American music producer (born 1965)

James Steven Ginsburg (born September 8, 1965) is an American music producer. He is founder and president of Cedille Records, a classical label he launched in 1989 while a student at the University of Chicago. He is the son of former United States Supreme Court justice Ruth Bader Ginsburg.

==Background==
Ginsburg was born into a family of lawyers. His mother, Ruth Bader Ginsburg, was appointed to the U.S. Supreme Court by President Bill Clinton in 1993. His father, Martin D. Ginsburg, taught at Georgetown University Law Center. His older sister, Jane, teaches law at Columbia University.

He attended The Dalton School, Georgetown Day School in Washington, D.C., and the University of Chicago where he received his Bachelor of Arts degree in 1987, and attended its Law School for one and a half years.

==Cedille Records==
Ginsburg was raised in New York City's Upper East Side, where he began collecting classical music recordings at an early age. While attending the University of Chicago, he managed classical programming at the university's mixed-format radio station, WHPK. Before his undergraduate graduation, he began reviewing classical recordings for American Record Guide magazine.

In 1989, Ginsburg launched a record label, Cedille Records, to record classical music produced by artists and composers in Chicago. The label is based in the Edgewater neighborhood of the city. Encouraged by the critical and commercial response to his early recordings, Ginsburg abandoned law school in his second year to devote himself full-time to Cedille.
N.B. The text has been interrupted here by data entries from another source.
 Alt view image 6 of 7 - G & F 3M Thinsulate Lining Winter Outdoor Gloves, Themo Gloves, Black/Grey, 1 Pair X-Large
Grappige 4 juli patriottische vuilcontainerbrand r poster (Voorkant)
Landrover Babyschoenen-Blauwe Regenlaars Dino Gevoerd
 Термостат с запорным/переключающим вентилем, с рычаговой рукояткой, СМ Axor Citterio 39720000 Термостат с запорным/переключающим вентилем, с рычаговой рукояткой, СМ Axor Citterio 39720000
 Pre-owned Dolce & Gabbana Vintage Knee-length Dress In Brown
In 1994, Cedille became a not-for-profit under the umbrella of an operating foundation, now called Cedille Chicago, NFP (formerly The Chicago Classical Recording Foundation). This change gave Cedille the ability to produce more recordings and pursue more ambitious projects. Cedille Records releases an average of eight recordings per year.

==Professional recognition==
In 2009, the Chicago Tribune nominated Ginsburg as "Chicagoan of the Year," writing, "Let's hear it for James Ginsburg. The Chicagoan is one of the last independent entrepreneurs in classical recording, a man who has stuck to his artistic vision and made a success of it at a time of market shrinkage and industry downsizing."
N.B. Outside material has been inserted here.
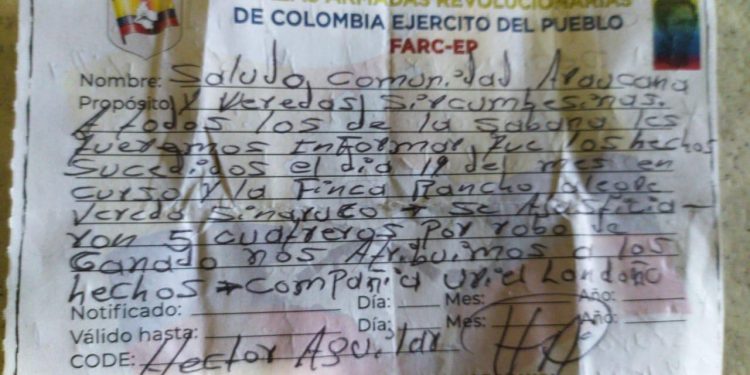 Disidencias se atribuyen la muerte de cinco personas en Arauca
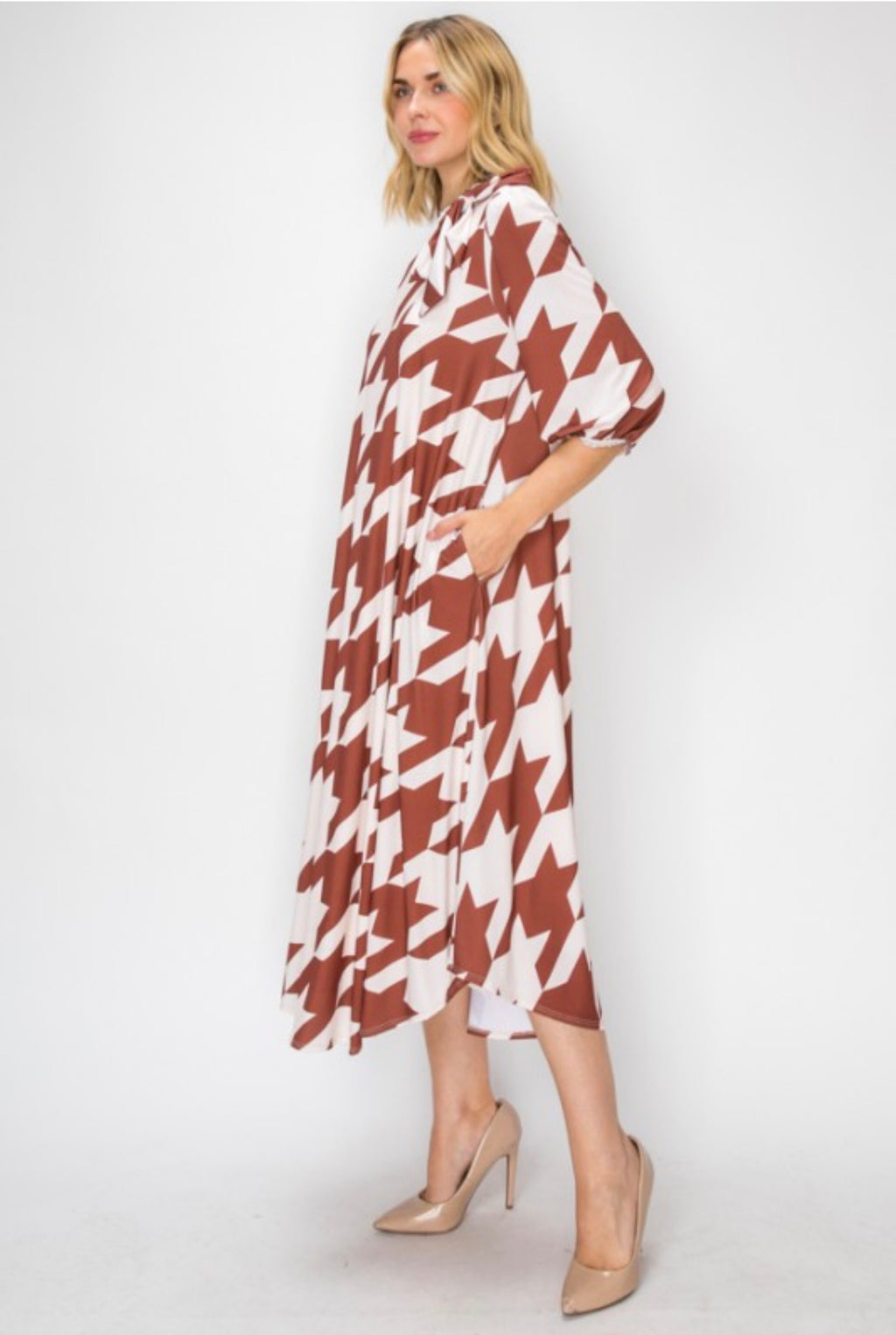 Alissa Dress - Brown Houndstooth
In 2010, Ginsburg won the Helen Coburn Meier and Tim Meier Charitable Foundation for the Arts Achievement Award. In making the award, the Foundation wrote, "We applaud Jim for seeing that Chicago has an abundance of stellar musicians. With his recording projects, Jim believes he can advance musicians' careers and serve the listening public in equal measure."

Additional recognition and awards include being named a Jewish Chicagoan of the Year by the Chicago Jewish News in 2011; in 2012, he received the Ruth D. and Ken M. Davee Excellence in the Arts Award from the Illinois Philharmonic Orchestra; in 2016, Musical America named him one of The Top 30 Performing Arts Professionals of the Year; and in 2017, he was the honoree at the annual galas of both Chicago Opera Theater and the Rembrandt Chamber Musicians. Most recently, he received a 2020 Distinguished Service to the Arts Award from Lawyers for the Creative Arts.

In 2019, Ginsburg was nominated for a “Producer of the Year, Classical” Grammy Award. In addition to this nomination, Cedille Records albums have won a number of Grammys, including the 2008, 2012, 2013, 2016 Awards for "Best Small Ensemble/Chamber Music Performance" for the contemporary music sextet Eighth Blackbird. In 2017, Third Coast Percussion also won for “Best Small Ensemble/Chamber Music Performance" for its Cedille album of music by composer Steve Reich.

As Slate notes about Cedille, "Today it’s one of the most-respected labels in the space, with six Grammy-winning records and 18 Grammy nominations."

==Personal life==
In 1995, Ginsburg married Lisa Brauston of Shaker Heights, Ohio; the ceremony was officiated by his mother. Brauston is an art historian. After their divorce, he married opera singer, composer, and professor of voice, Patrice Michaels, in 2010. Ginsburg has two children from his first marriage.